There is a fable from post-war Japan that tells the story of an octopus, left abandoned in an aquarium, forgotten by everyone, and unfed by anyone. Overcome by unbearable hunger, the creature begins to eat its own tentacles, day after day, devouring itself until it disappears completely. Then the aquarium appears to be empty, but the octopus continues to exist there, invisibly imprisoned by the same insatiable, perpetual hunger. For me, the idea of this octopus devouring itself, eternally hungry, invisible, yet fiercely there at the same time, is extremely disturbing. We may ask ourselves if our famished and voracious process of culturalizing everything doesn’t resemble in some sense this unfortunate octopus. I ask myself whether we have had trouble so far along the path trodden by Don Quixote, whether by pure dialectical inversion, we may have already inadvertently spun so out of control that we’ve reversed the terms; what was madness for him, for contemporary man turns out to be a privileged form of reason.

Nowadays, every windmill is some sort of giant invented by reason or, as Goya phrased it, “The sleep of reason produces monsters.” To believe in the real existence of windmills has turned out to be mere naïveté, or even worse, an unpardonable form of kitsch. We give free rein to our tendency to construct culture as if it were some kind of lasagna, layer upon layer upon layer. Cultural representations support previous cultural representations, and in turn generate subsequent cultural representations. And in the process, where is any link to reality to be found? Where has our old friend life itself gone? Like the octopus of legend, a culture that only feeds on itself runs the risk of disappearing up its own ass. The protagonist of Umberto Eco’s latest novel, The Mysterious Flame of Queen Loana—who has lost his intimate personal memory while keeping intact his encyclopedic cultural memory—laments while attempting to recall his grandson: “I knew all about Alexander the Great, but nothing about Alessandro, the tiny, the mine.” Perhaps he’s lost his soul, to sum up the problem in his own words.

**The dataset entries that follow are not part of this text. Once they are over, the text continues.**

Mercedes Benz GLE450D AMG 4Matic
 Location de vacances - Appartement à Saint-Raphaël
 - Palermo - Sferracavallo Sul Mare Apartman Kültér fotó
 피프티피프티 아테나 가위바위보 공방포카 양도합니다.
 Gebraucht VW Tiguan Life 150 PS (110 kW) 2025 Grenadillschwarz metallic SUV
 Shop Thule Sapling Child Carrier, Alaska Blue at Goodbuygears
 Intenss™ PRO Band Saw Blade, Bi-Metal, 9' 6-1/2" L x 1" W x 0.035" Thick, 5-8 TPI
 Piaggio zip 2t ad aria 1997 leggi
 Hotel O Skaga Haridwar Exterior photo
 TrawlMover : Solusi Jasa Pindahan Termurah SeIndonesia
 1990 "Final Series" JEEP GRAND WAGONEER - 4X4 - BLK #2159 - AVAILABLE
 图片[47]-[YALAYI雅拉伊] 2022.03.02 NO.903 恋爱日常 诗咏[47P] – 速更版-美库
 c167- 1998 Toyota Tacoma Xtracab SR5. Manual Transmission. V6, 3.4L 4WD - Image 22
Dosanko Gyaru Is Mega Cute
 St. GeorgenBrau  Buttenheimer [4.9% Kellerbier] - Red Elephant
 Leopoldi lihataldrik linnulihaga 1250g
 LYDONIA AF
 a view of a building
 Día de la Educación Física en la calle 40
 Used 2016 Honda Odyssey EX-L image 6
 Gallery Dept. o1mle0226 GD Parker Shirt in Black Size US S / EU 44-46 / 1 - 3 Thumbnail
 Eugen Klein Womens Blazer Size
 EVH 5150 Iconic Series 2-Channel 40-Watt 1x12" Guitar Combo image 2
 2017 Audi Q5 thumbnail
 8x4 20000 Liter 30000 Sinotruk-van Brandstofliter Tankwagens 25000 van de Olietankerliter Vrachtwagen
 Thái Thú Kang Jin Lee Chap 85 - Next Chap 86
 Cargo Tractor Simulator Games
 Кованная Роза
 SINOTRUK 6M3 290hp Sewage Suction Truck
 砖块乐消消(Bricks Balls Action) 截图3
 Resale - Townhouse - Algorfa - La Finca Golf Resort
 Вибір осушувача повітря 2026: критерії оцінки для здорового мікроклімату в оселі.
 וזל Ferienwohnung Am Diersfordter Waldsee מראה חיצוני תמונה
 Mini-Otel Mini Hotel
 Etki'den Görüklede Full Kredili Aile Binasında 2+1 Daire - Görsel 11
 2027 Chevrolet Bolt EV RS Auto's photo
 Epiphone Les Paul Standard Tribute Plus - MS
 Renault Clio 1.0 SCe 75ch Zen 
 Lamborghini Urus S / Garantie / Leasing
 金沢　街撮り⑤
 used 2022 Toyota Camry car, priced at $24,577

It’s possible this may be the moment to reconsider, or at least to question, that which in the seventeenth century was such a discovery. That is why on this four hundredth anniversary, we say with all our hearts, to our great Don Quixote, long life. May he live at least another four hundred years. At the same time, I believe we must recover from oblivion that which was once so healthy: the old, solid windmills of reality. We mustn’t forget they also exist. Or who knows? Do they really exist? I have to confess, I suspect they might not anymore, except in the Netherlands of course, where they have been reduced to mere cultural ornaments.